§ **Exercise goal**
After locating the line with "Conjuntos De Tomadas" below, output it and each following line exactly, stopping after the line with "Pellew Way map". No pictures.

Captioned web images
>>>

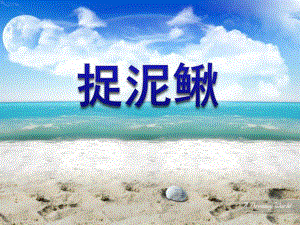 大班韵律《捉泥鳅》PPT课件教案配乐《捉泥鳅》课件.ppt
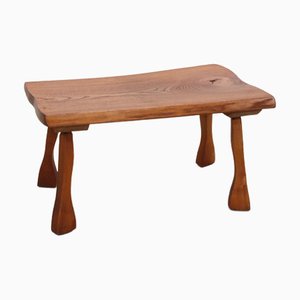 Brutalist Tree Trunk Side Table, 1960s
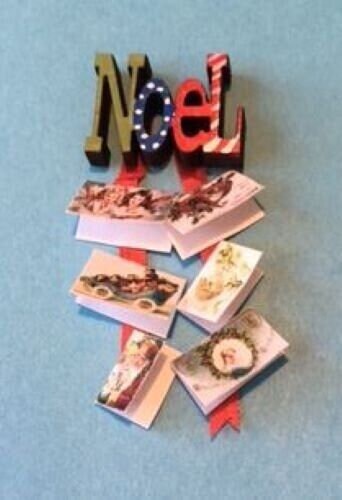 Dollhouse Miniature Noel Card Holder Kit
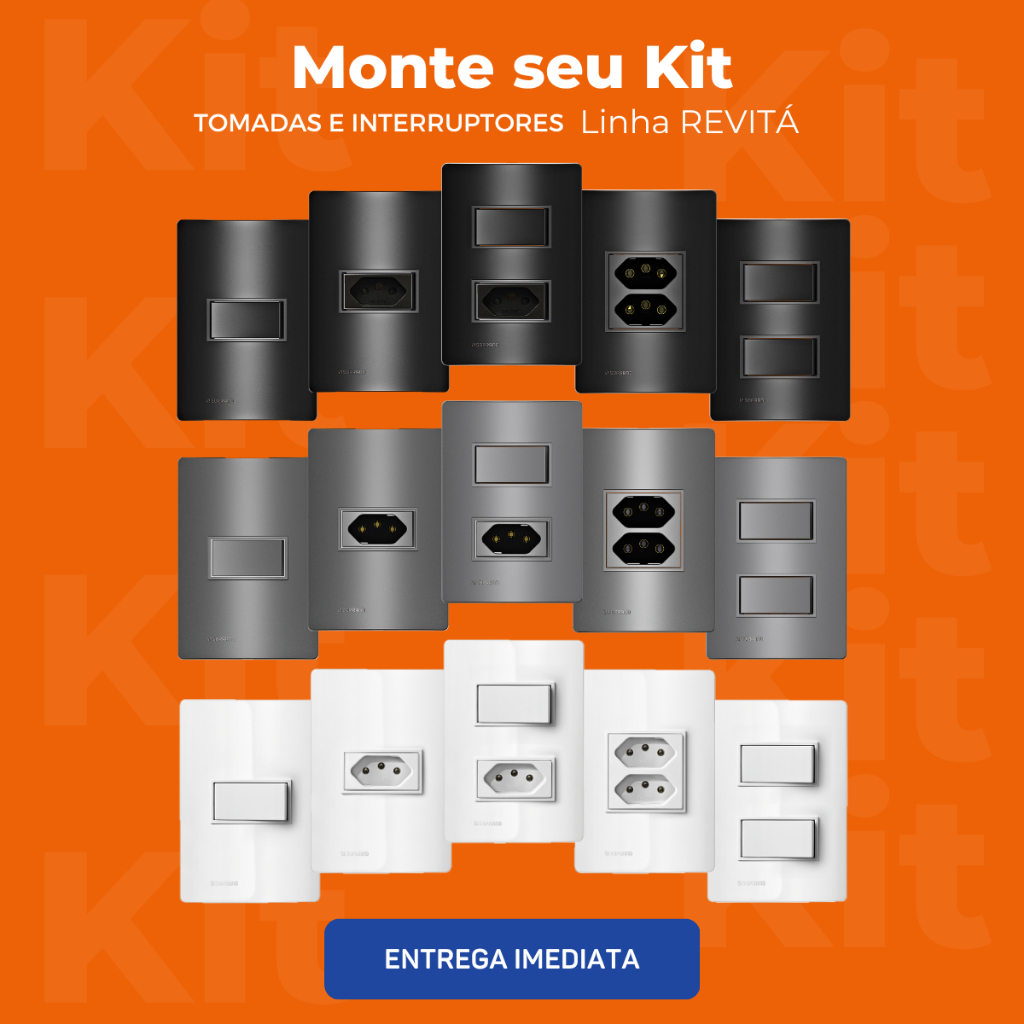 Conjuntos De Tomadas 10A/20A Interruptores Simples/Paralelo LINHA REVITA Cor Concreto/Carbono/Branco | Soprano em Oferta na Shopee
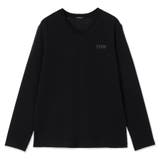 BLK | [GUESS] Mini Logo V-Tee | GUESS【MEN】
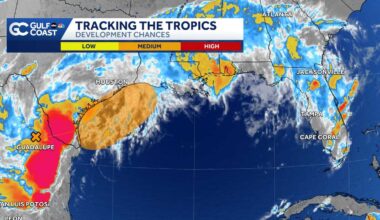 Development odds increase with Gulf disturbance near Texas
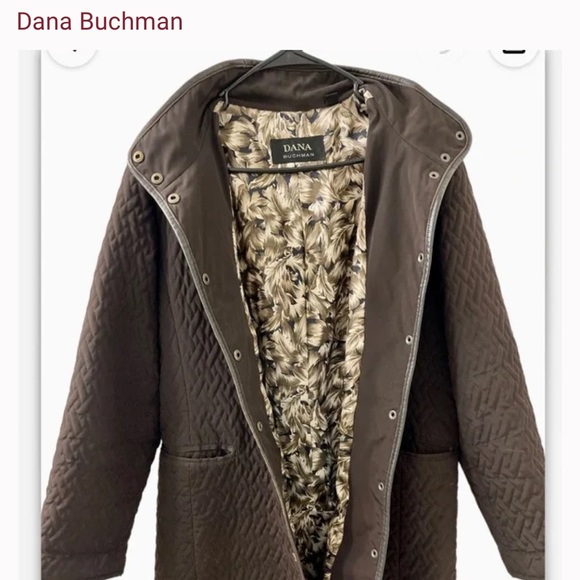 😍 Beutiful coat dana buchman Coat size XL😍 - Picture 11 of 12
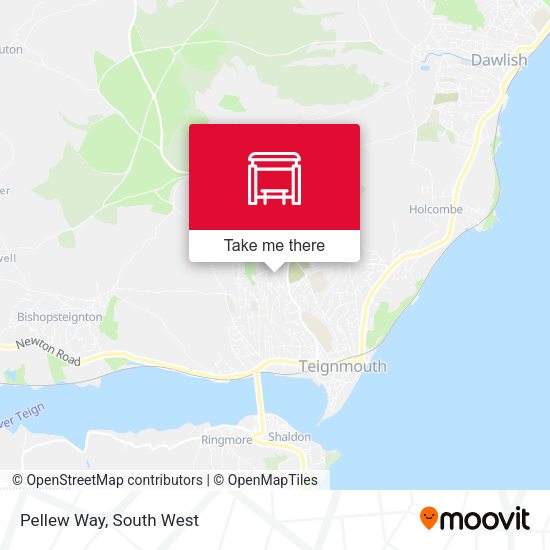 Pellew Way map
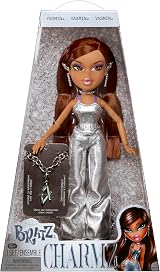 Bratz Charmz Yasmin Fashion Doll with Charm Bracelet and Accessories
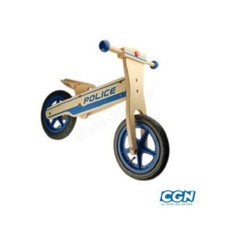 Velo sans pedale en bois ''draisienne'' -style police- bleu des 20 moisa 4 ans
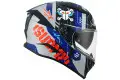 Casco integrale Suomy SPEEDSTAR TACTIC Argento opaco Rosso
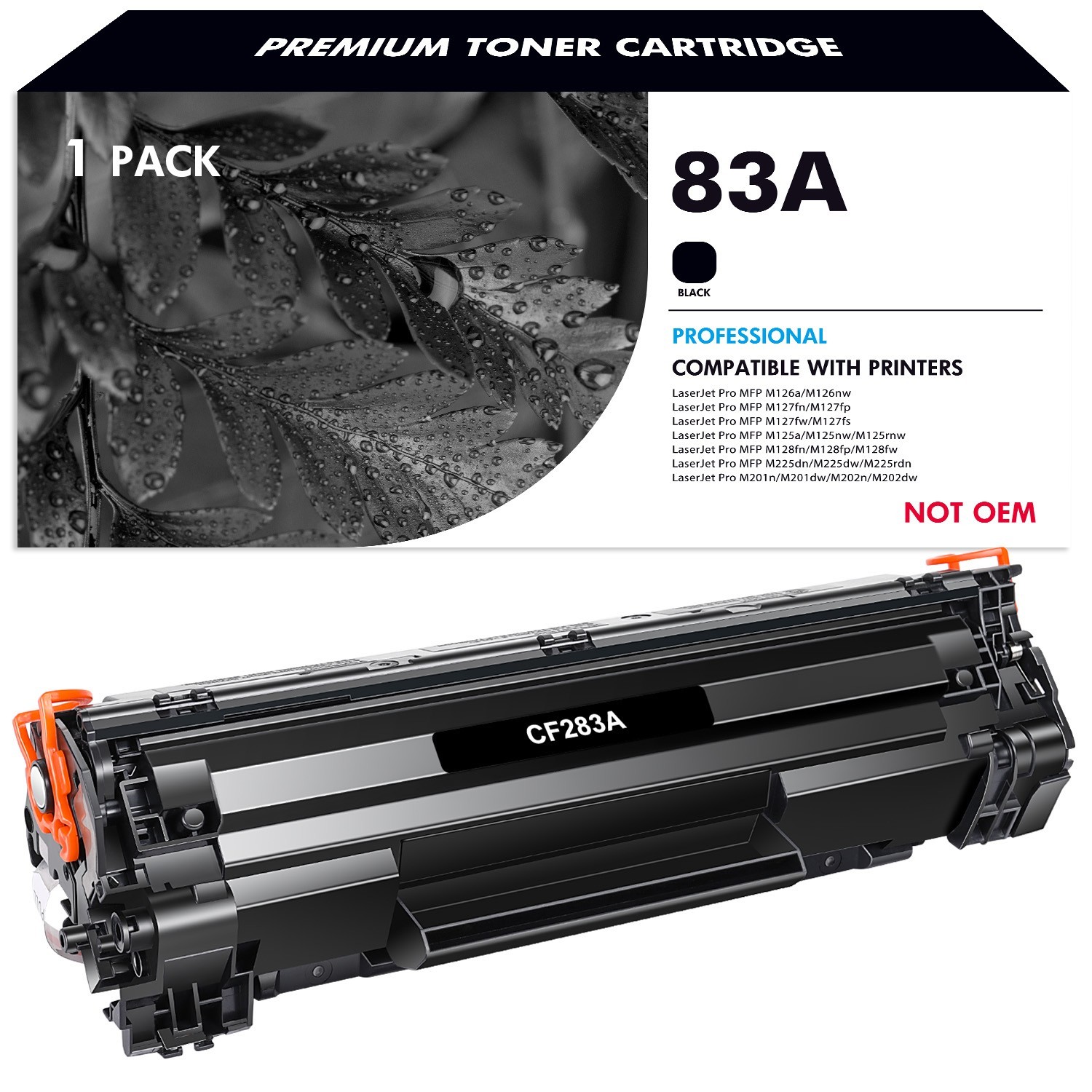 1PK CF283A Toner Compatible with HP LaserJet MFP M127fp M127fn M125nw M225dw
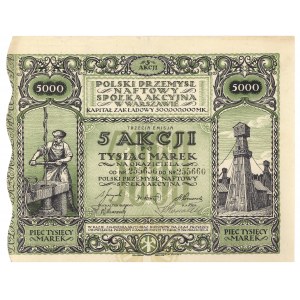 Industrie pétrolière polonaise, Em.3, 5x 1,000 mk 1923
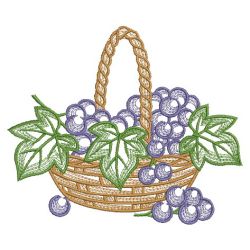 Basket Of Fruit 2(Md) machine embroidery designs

<<<

§ **Solution for this problem**
 Conjuntos De Tomadas 10A/20A Interruptores Simples/Paralelo LINHA REVITA Cor Concreto/Carbono/Branco | Soprano em Oferta na Shopee
 BLK | [GUESS] Mini Logo V-Tee | GUESS【MEN】
 Development odds increase with Gulf disturbance near Texas
 😍 Beutiful coat dana buchman Coat size XL😍 - Picture 11 of 12
 Pellew Way map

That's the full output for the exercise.